Hello CBM, a few random thoughts:

First, keep in mind that you're only 5 months out from dday, and there has been some additional revelation, sort of a TT process, since then. I think in your case you ought to give yourself plenty of time before making any major decisions, at least the kind that could be irrevocable. Time does heal some types of wounds.

Second, let's talk a bit about your thesis that your WW didn't have desire for you back in the day, when your relationship was young.

My wife and I met in January 2004, 15 years ago, in college. I was shy and always had my head down and headphones on, but she started talking to me before a class we had together. We became friends, and pretty quickly, if not immediately, I developed a crush on her. She never developed a crush on me.

Never? She did in fact start having sex with you, lots of it, she moved across the country to be with you, she married you, and she had your children. Those are all pretty strong statements of desire where I come from. It may be more accurate to say she didn't develop a crush on you as quickly as you did on her.

She continued casually hooking up with guys while we grew closer as friends….as soon as I got back she told me how she hooked up with this douchebag guy she shared a class with. She first lied (notice another trend?) and minimized what happened, but then let it slip that they actually performed oral on each other.

From other comments in both of your threads, my impression is that she hasn't had sex with that many guys. Like 5 or fewer in total. Forgive me if I'm wrong, but in my book that's a pretty small number. Not nearly enough to support "continued casually hooking up with guys."

It felt like being cheated on back then, even though we weren't formally together.

Can you understand how that feeling was completely unwarranted and out-of-line? That is borderline stalker sentiment. You had no express agreement with her at that point. She was a single young woman doing what single young women do at that stage of life. One reason women keep things casual and hook up is to avoid getting entangled with an asshole or an abuser. It's a legitimate strategy of self-preservation while exploring one's envelope of emotional and sexual feelings.

I gave her an ultimatum, that I couldn't just be friends with her, that I needed an exclusive dating relationship with her or I couldn't remain friends. She at first told me no, that she wasn't ready to commit to dating, but then changed her mind about a week later. We became a couple.

Our relationship was born with me feeling rejected and then pitied, and her feeling unready to commit and without ever having had a crush or sexual attraction for me. I should have never moved forward with dating her, but I was in love with her and I wanted to be the guy who got the girl, for once. Everything about how we got together was a huge red flag and it bothers me to this day.

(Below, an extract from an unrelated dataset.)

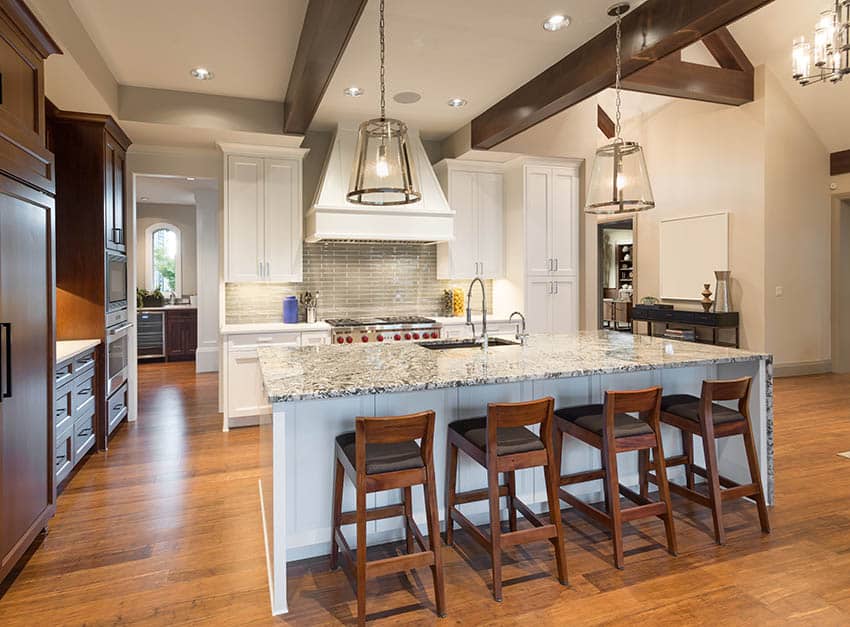 Transitional kitchen with wood finish cabinets and white shaker cabinets with granite counter island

IMO, if anybody was seeing a red flag at that point, it was her. You were frustrated with the fact that you were a homebody who wasn't getting yourself out there to experience some of the thrills that other young people were experiencing, and you were externalizing this onto her, forcing her to a Hobson's Choice before she was ready to make it.

What is noteworthy to me is that she said "yes". Many women would have run screaming from your jealousy and insecurity. The only possible reason for a "yes" from her is that she recognized inner qualities within you that she knew in her heart of hearts she wanted to be with, for life. I can't think, honestly, of a greater statement of desire.

But instead, I jumped in and we dated and things were great. Our sex life was great. Our connection was great.…We ended up dating long distance for a year and we remained madly in love… wild sex once a month or so when we saw each other. It was like an affair.

Remind me again about the part where she never had desire for you in the early days.

She immediately takes the opportunity to leave the night club with her AP and go to fuck him, without even thinking about me or feeling any guilt. Pure selfishness. He was the opposite of me, and she treated him the opposite of how she treated me. She had a huge crush on him, and was a willing participant in sex as soon as it was presented. She finally gets caught by me, but lies her way out of it and greatly minimized what happened.

Completely shitty thing to do. No argument from anybody about that.

I was incredibly co-dependent back then and bought her lies, because I wanted to believe it. Mostly, I was terrified of being single and starting over. I regret how I acted back then enormously. I had a chance to push, to find the truth, and to leave her when there wasn't much to walk away from, but I took the easy way out, put on blindfolds and covered my ears. Fuck me, I hate that I did that.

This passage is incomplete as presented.